#### Input material

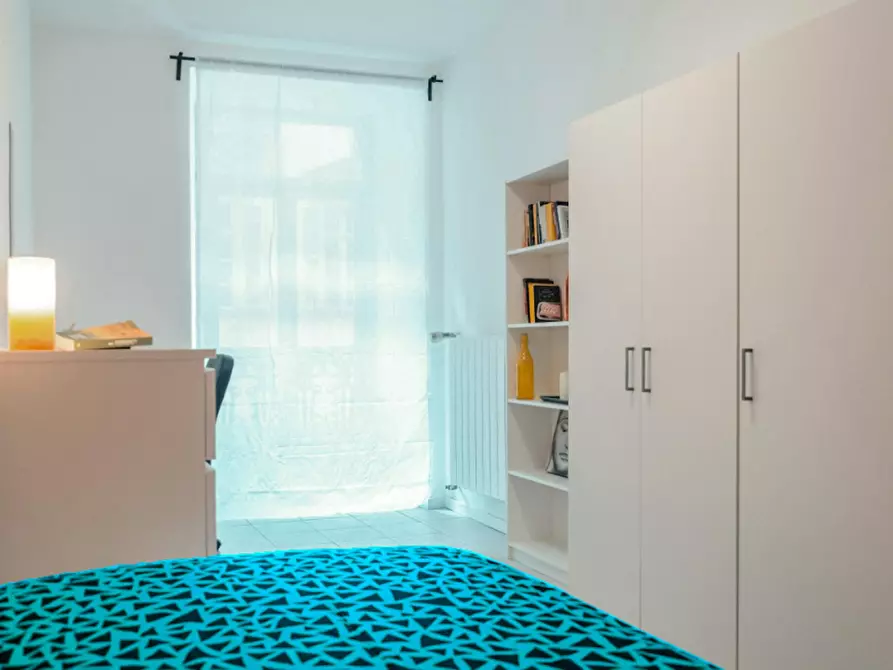 Immagine 2 di Camera in affitto  in Via Alfonso Bonafous a Torino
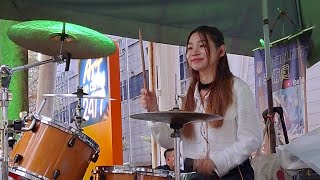 李侑真2023.01.23(一)街演⟨Maps-Maroom 5⟩下午場×新年初二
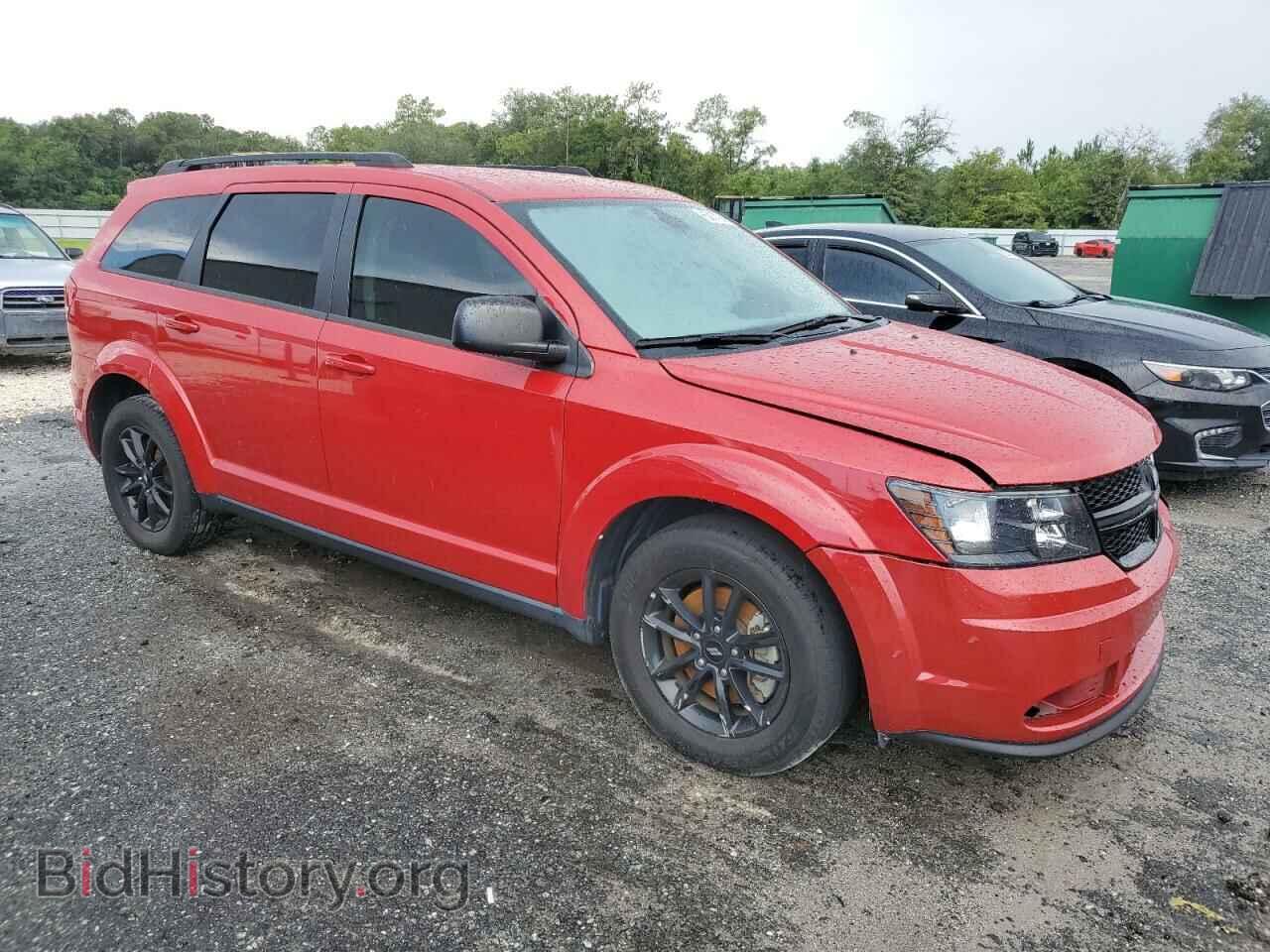 2020 DODGE JOURNEY - VIN: 3C4PDCABXLT261048 - Photo 4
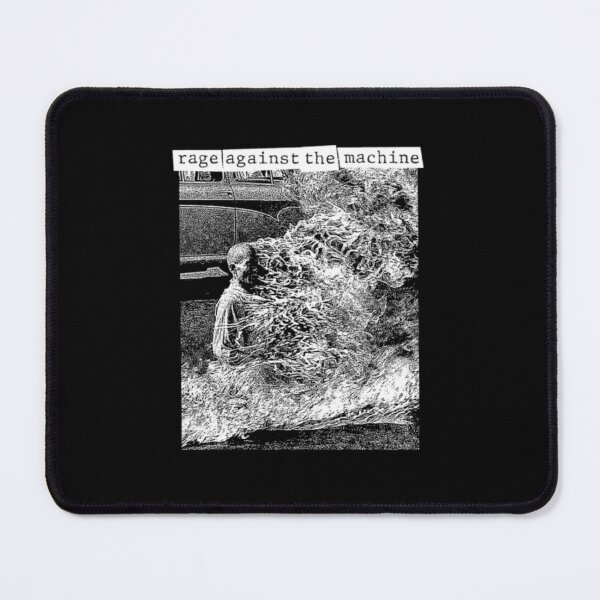 Item preview, Rage Against The Machine designed and sold by DheninStudio.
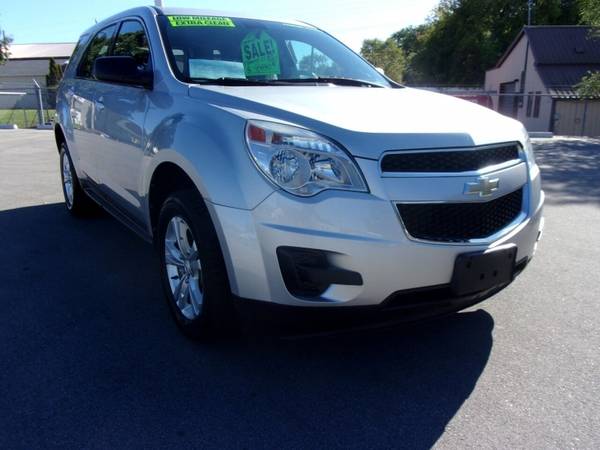 2011 Chevrolet Equinox LS 4dr SUV - cars & trucks - by dealer -... for sale in Waukesha, WI – photo 3
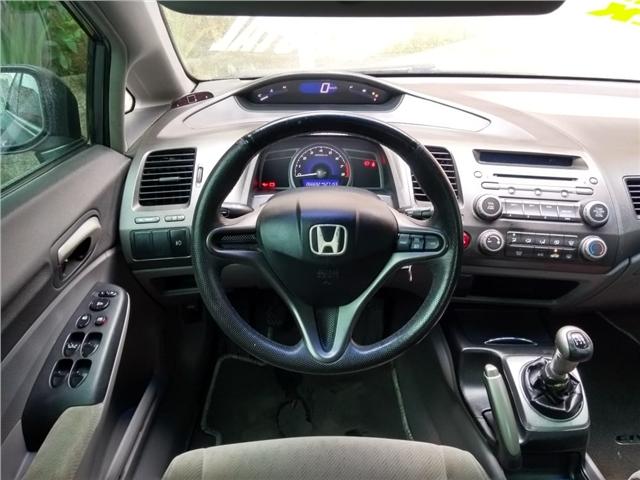 Honda Civic 1.8 lxs 16v flex 4p manual - Foto 6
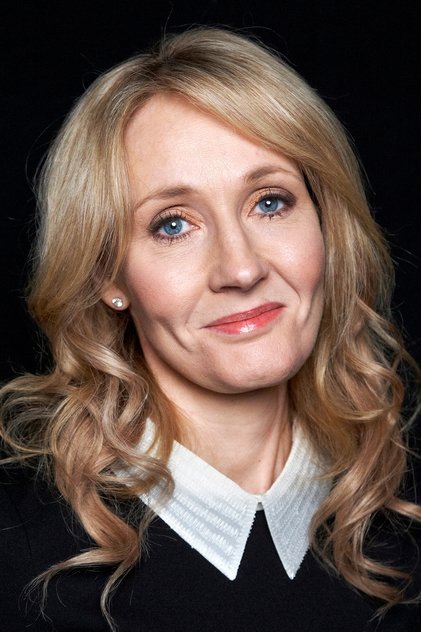 Zdjęcie J.K. Rowling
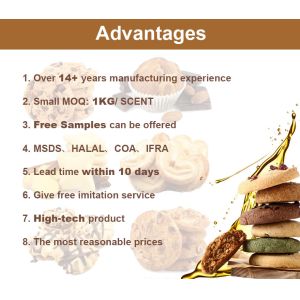 Buy cheap Good Smelling Sweet Fruit Bayberry Bakery Flavors For Producing Bicuits from wholesalers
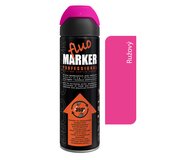 Deco color 500ml znackovací spray ruzovy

########

• _What the task requires_
Leaving the images out, return every record exactly.

• _Solution for this exercise_
 Immagine 2 di Camera in affitto  in Via Alfonso Bonafous a Torino
 李侑真2023.01.23(一)街演⟨Maps-Maroom 5⟩下午場×新年初二
 2020 DODGE JOURNEY - VIN: 3C4PDCABXLT261048 - Photo 4
 Item preview, Rage Against The Machine designed and sold by DheninStudio.
 2011 Chevrolet Equinox LS 4dr SUV - cars & trucks - by dealer -... for sale in Waukesha, WI – photo 3
 Honda Civic 1.8 lxs 16v flex 4p manual - Foto 6
 Zdjęcie J.K. Rowling
 Buy cheap Good Smelling Sweet Fruit Bayberry Bakery Flavors For Producing Bicuits from wholesalers
 Deco color 500ml znackovací spray ruzovy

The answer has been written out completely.